Material shown →
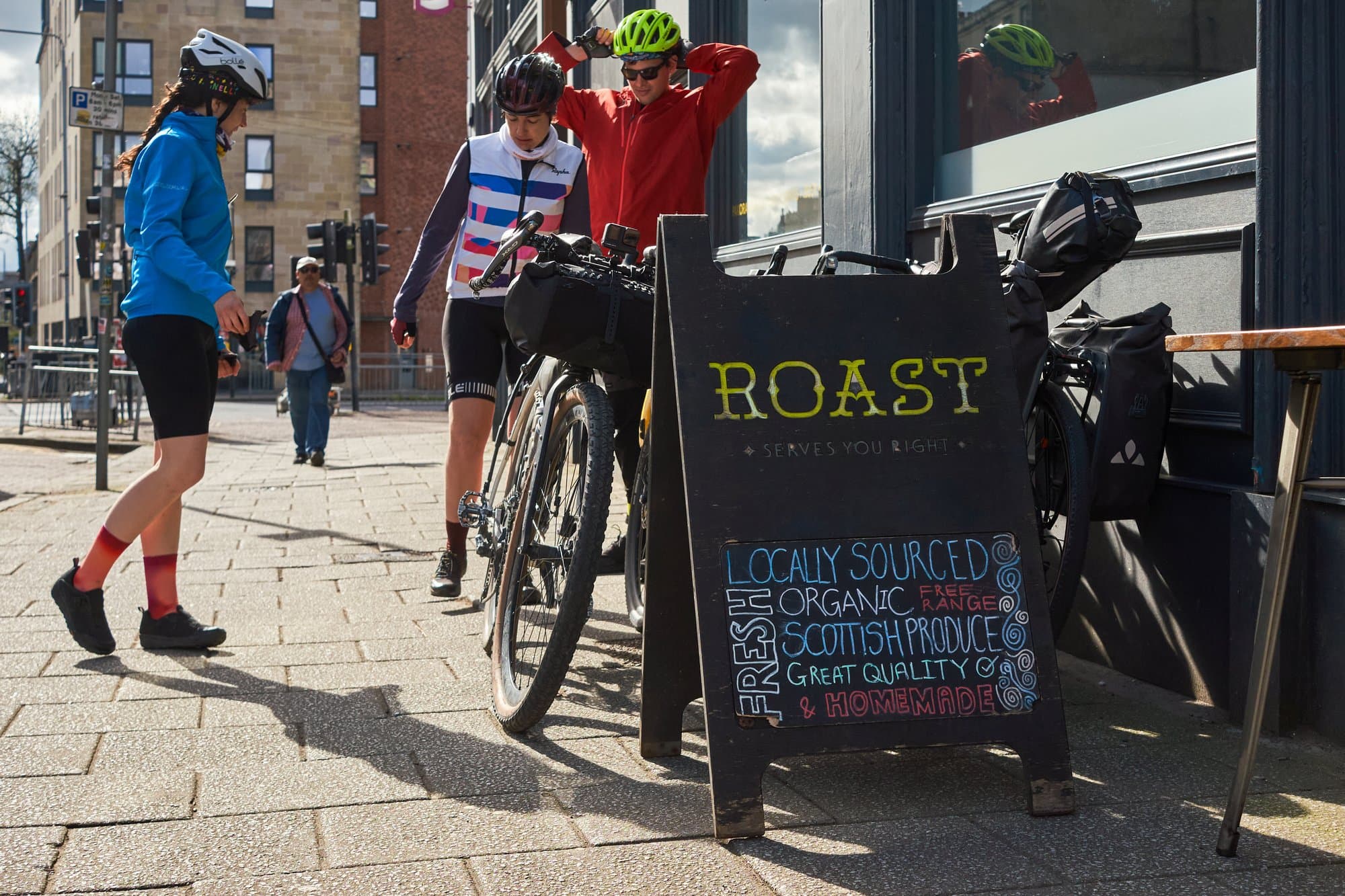 Riders gearing up outside Roast café in Glasgow.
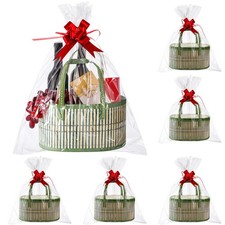 6 Set Baskets for Gifts Empty Bulk Large Woven Bamboo Gift Basket Kit with Ha...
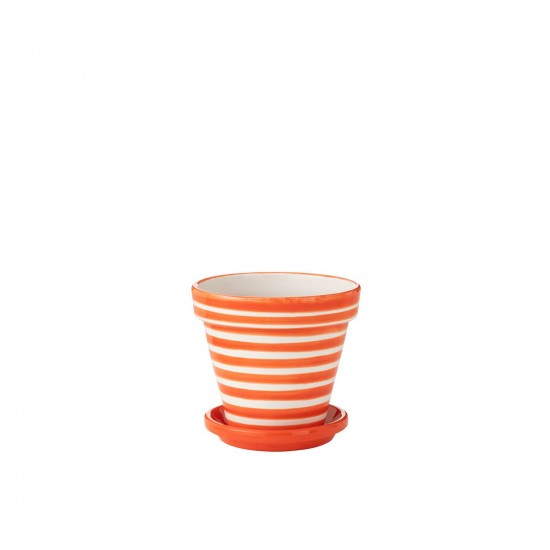J Line Flowerpot+Plate Granada Stripes Handmade+Painted Ceramic Naranja Medium L27xB27xH25 cm JLine 52042 by Jolipa 52042.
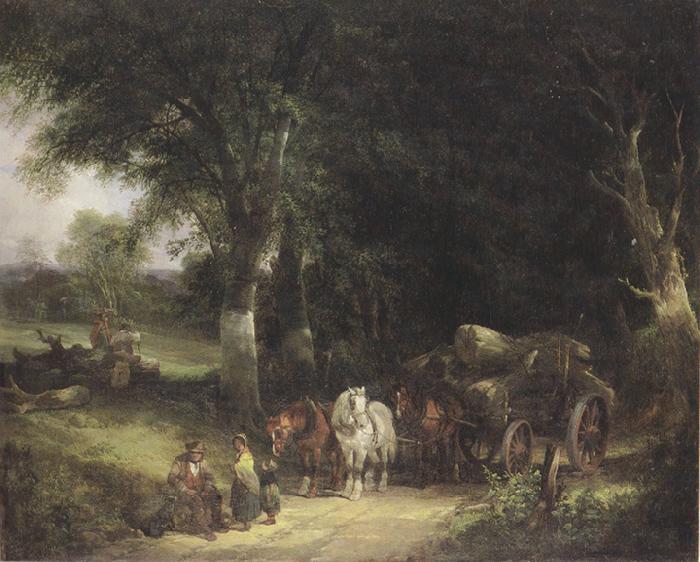 William Shayer Carging Timber in the New Forest (mk37)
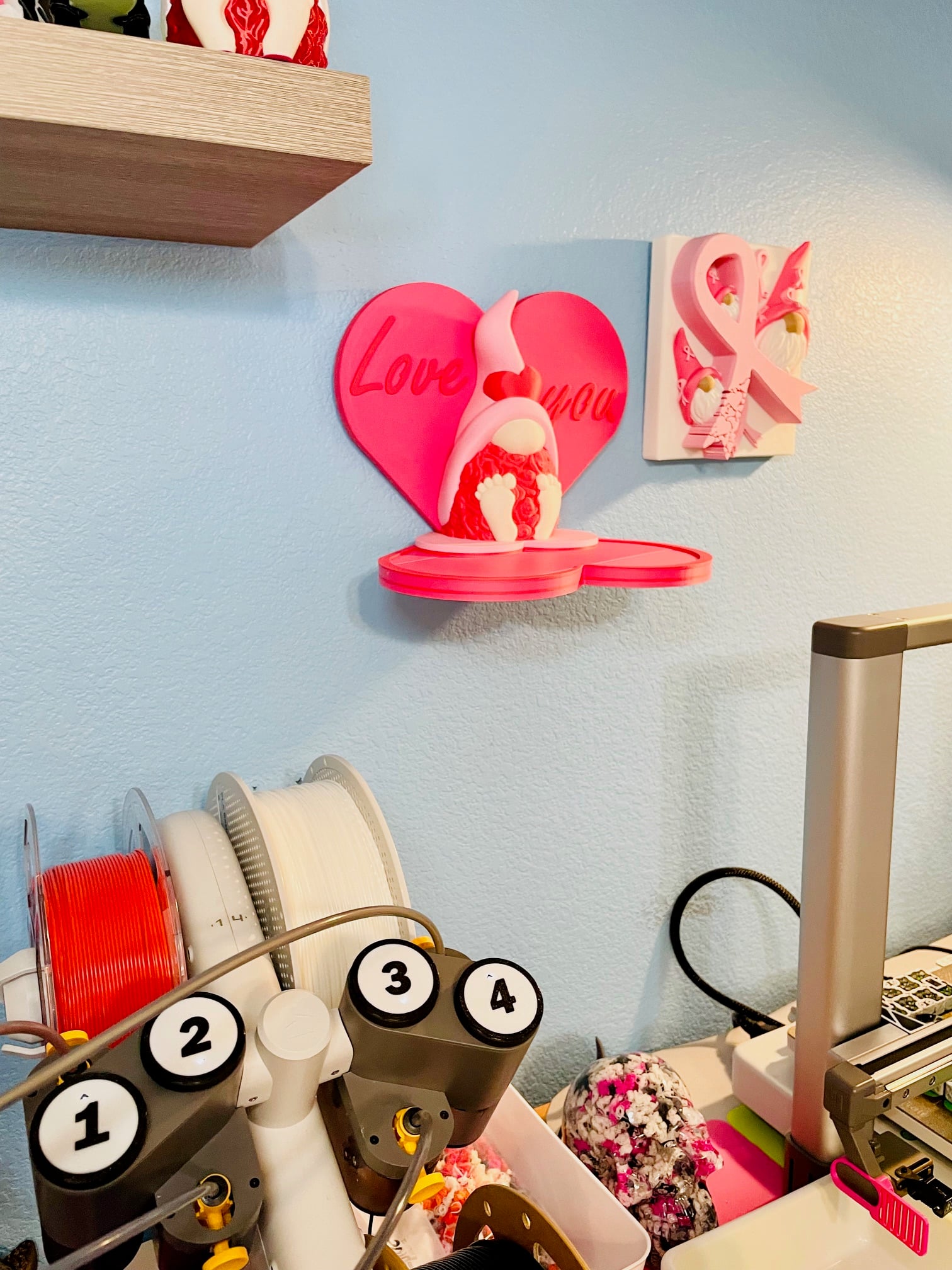 Rose Beard Gnome Wall Shelf 3d model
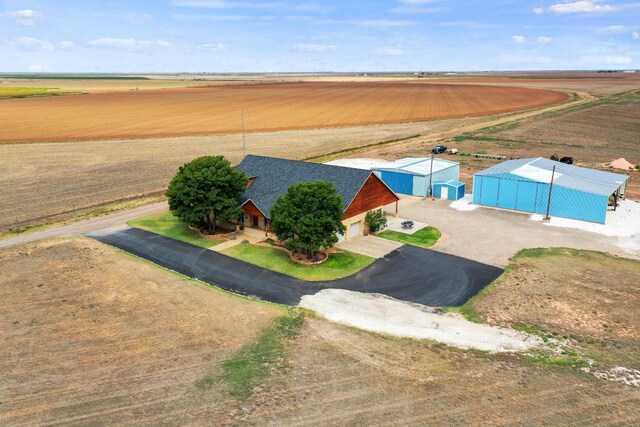 drone / aerial view with a rural view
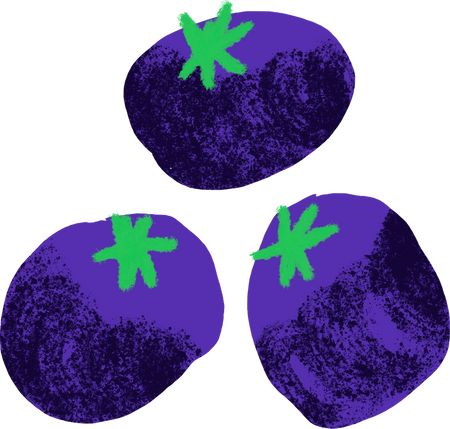 Textured Imperfect Handdrawn Blueberry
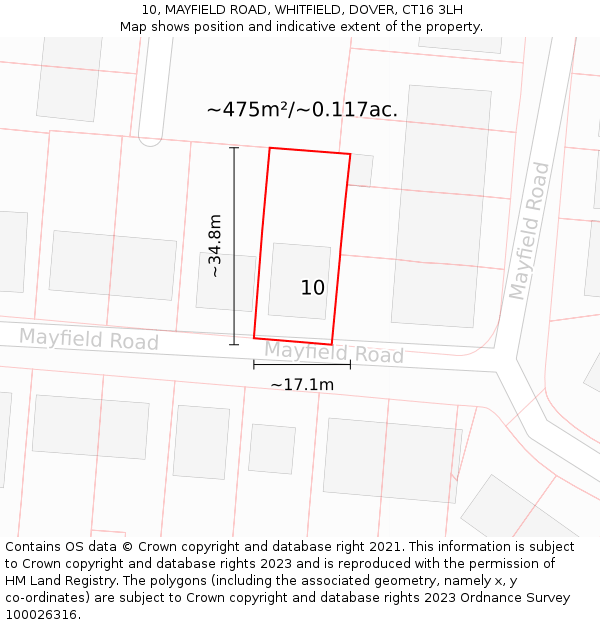 10, MAYFIELD ROAD, WHITFIELD, DOVER, CT16 3LH: Plot and title map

Task description →
Return the listing verbatim; pictures are not part of the copy.

Exercise result →
 Riders gearing up outside Roast café in Glasgow.
 6 Set Baskets for Gifts Empty Bulk Large Woven Bamboo Gift Basket Kit with Ha...
J Line Flowerpot+Plate Granada Stripes Handmade+Painted Ceramic Naranja Medium L27xB27xH25 cm JLine 52042 by Jolipa 52042.
 William Shayer Carging Timber in the New Forest (mk37)
 Rose Beard Gnome Wall Shelf 3d model
 drone / aerial view with a rural view
 Textured Imperfect Handdrawn Blueberry
 10, MAYFIELD ROAD, WHITFIELD, DOVER, CT16 3LH: Plot and title map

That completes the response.